Modèle de retour sur investissement simple pour un projet de préparateur de commandes automatisé en entrepôt
1) Quantifier le coût annuel actuel de la main-d'œuvre pour la préparation de commandes (salaires, avantages sociaux, heures supplémentaires). 2) Estimer la réduction de main-d'œuvre réalisable (par exemple, 40 à 60 % dans les zones automatisées). 3) Ajouter les économies réalisées grâce à la réduction des erreurs (avoirs, réexpéditions, frais de transport supplémentaires). 4) Soustraire les coûts supplémentaires de maintenance, de logiciels et d'énergie. 5) Diviser les économies annuelles nettes par le coût total du projet pour obtenir le délai de retour sur investissement. Comparer ce résultat à la période de référence de 2 à 4 ans observée pour les projets de moyenne envergure.
💡 Note de l'ingénieur de terrain : Lors de l'élaboration de votre analyse de rentabilité, segmentez par zone. L'automatisation des 20 à 30 % de références les plus importantes, qui génèrent 70 à 80 % des prélèvements, permet souvent de réaliser 70 % d'économies sur la main-d'œuvre avec seulement 40 % du capital investi, notamment en combinant des robots mobiles autonomes ou des navettes avec des rayonnages conventionnels pour les stocks moins importants.

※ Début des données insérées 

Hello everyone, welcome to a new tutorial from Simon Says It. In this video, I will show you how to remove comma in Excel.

Adapter la technologie au volume, à la mise en page et au risque

Choisir le bon système automatisé préparateur de commandes d'entrepôt Cela dépend de données concrètes : volume de commandes journalier, profil des références, géométrie des allées, hauteur du bâtiment et votre tolérance au risque financier et technologique. L’objectif est d’éviter à la fois le sous-dimensionnement et la surautomatisation.

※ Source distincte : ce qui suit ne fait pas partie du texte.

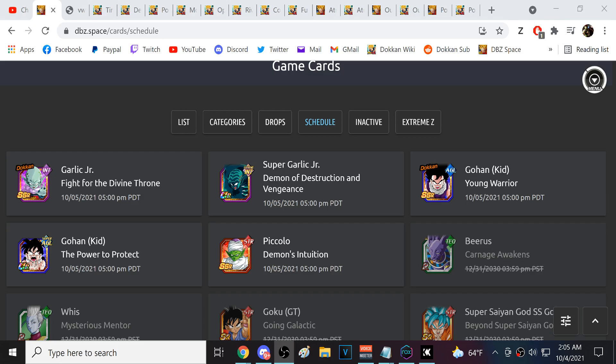All right guys, we're back for another Dokkan Battle video and we've got the global data download. Kid Gohan is the next Dokkan Fest here on global. Kid Gohan definitely was the most likely, though some people were saying Super Vegeta. I thought there was an outside chance we could see a global first.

- Commencez par la demande, pas par les gadgets : Automatisation de la taille en commandes/jour, lignes/commande et pics par rapport à la moyenne – évite les dépenses excessives pour des capacités que vous n'utilisez jamais.

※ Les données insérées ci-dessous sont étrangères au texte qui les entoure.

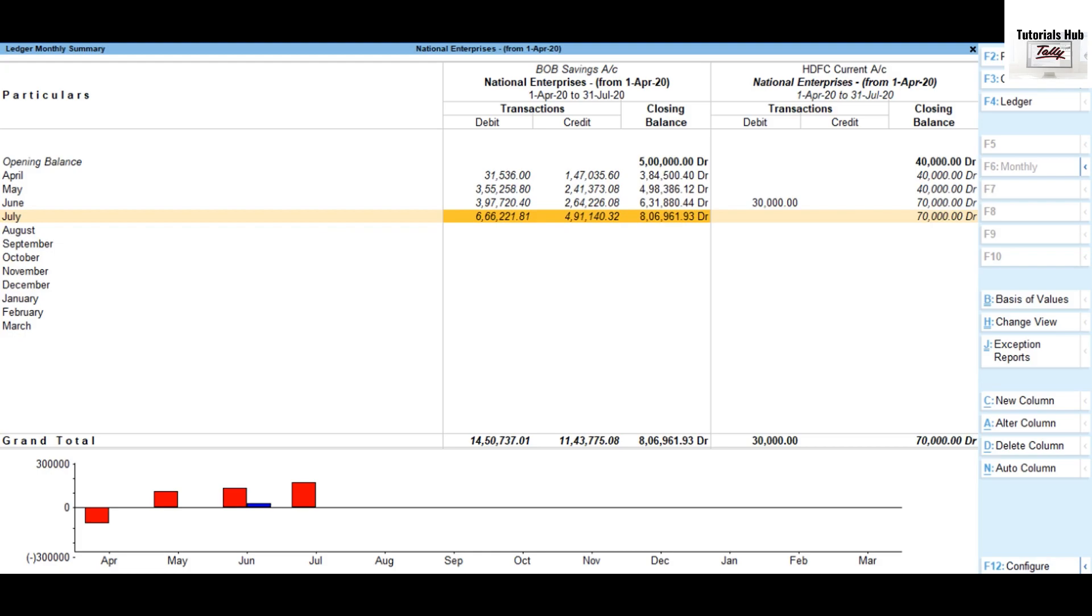Based on the option selected in Tally Prime, it now displays comparisons as shown in the screen.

- Concevez autour de votre bâtiment : La largeur des allées, la hauteur libre et la planéité du sol limitent la faisabilité de certains systèmes. évite des travaux de génie civil coûteux.
- Équilibre entre le risque lié au travail et le risque lié au capital : Un fort taux de rotation du personnel ou des marchés du travail difficiles justifient une automatisation accrue – troque la volatilité des salaires contre un amortissement prévisible.
- Pensez hybride, pas tout ou rien : Automatisez d'abord les zones à forte vélocité et les références – capte 70 à 80 % des avantages avec 30 à 50 % des dépenses.
💡 Note de l'ingénieur de terrain : Sur les sites industriels désaffectés, la planéité des sols et l'espacement des colonnes sont souvent des facteurs qui compromettent davantage les projets d'automatisation que le budget. Il est donc indispensable de réaliser un relevé d'implantation et un contrôle de la dalle avant de s'engager pour une technologie en particulier.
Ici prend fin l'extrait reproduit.